══ DATASET EXTRACT ══
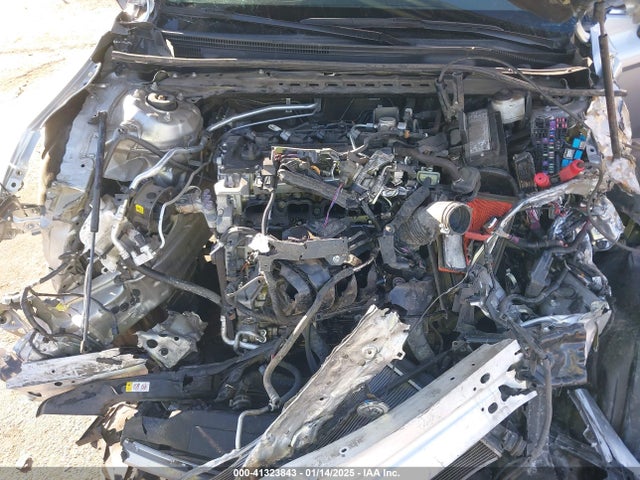 Toyota CAMRY LE 2020 4T1C11AK9LU975346 Image 10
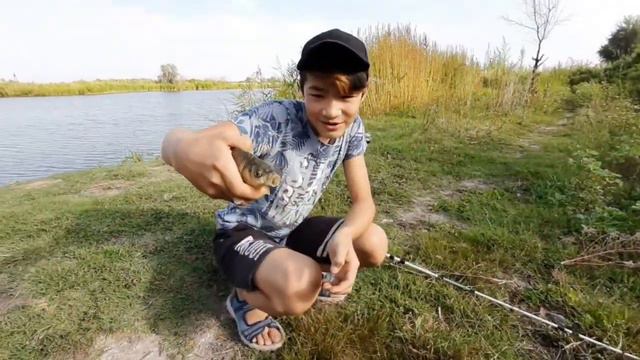 #Рыбалка2020 #карась #Лето2020 Молодой рыбак Алихан. Рыбалка с братом.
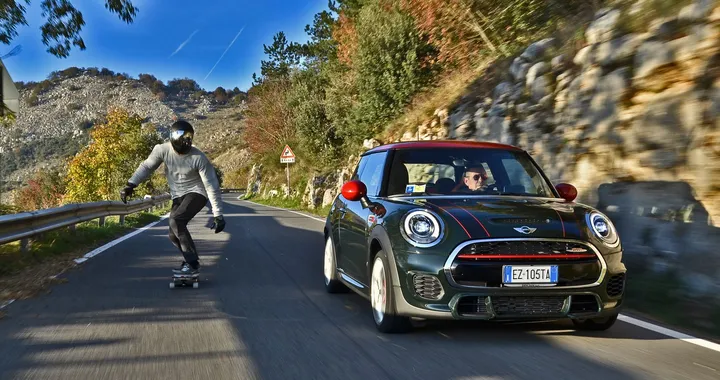 Mini John Cooper Works Vs Skaters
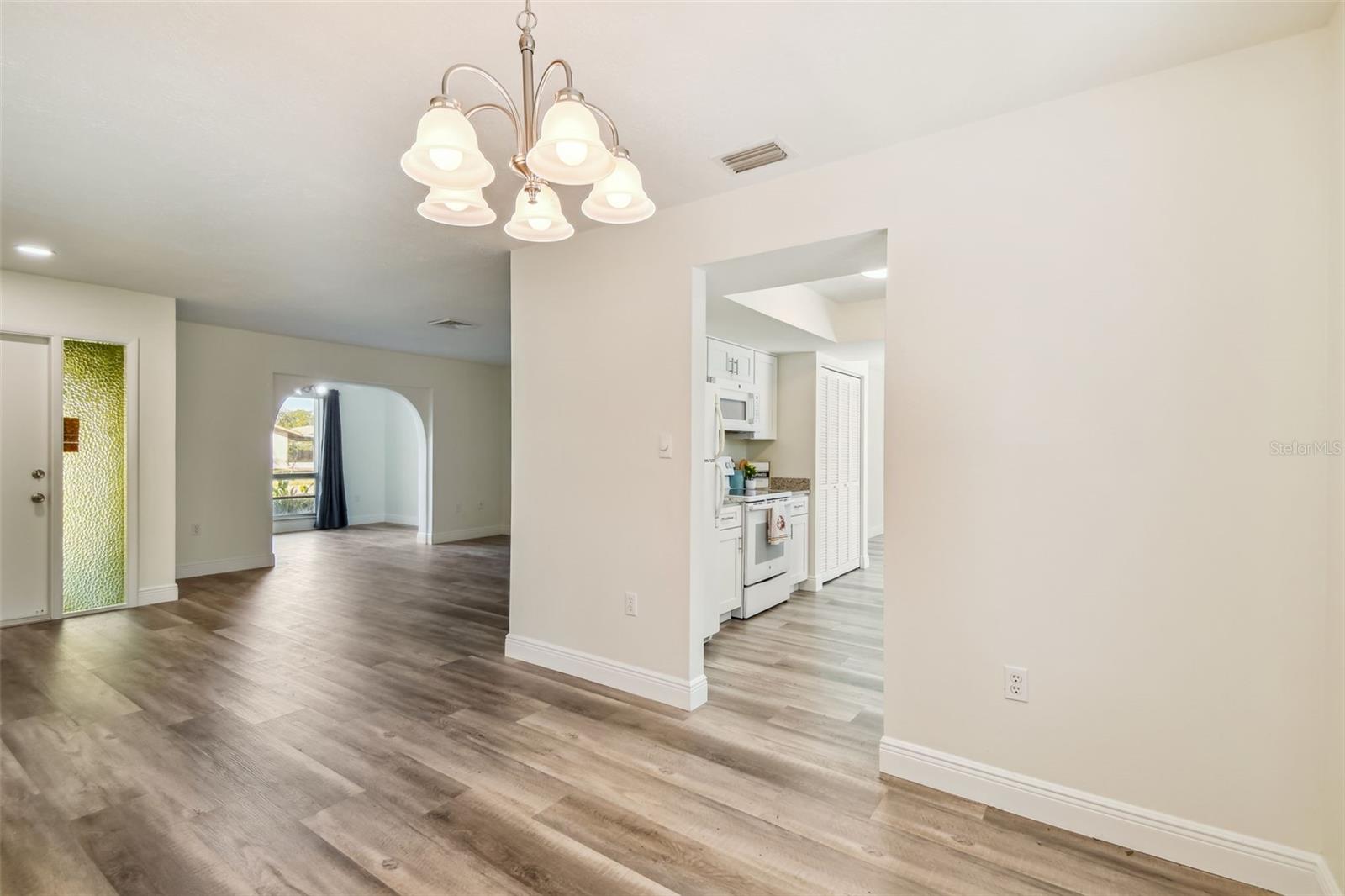 Image 15 of 55 For 3165 Woodmont Drive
═══
## TASK TO COMPLETE
The full data, repeated exactly and stripped of its pictures, is the expected answer.

## WRITTEN SOLUTION
 Toyota CAMRY LE 2020 4T1C11AK9LU975346 Image 10
 #Рыбалка2020 #карась #Лето2020 Молодой рыбак Алихан. Рыбалка с братом.
 Mini John Cooper Works Vs Skaters
 Image 15 of 55 For 3165 Woodmont Drive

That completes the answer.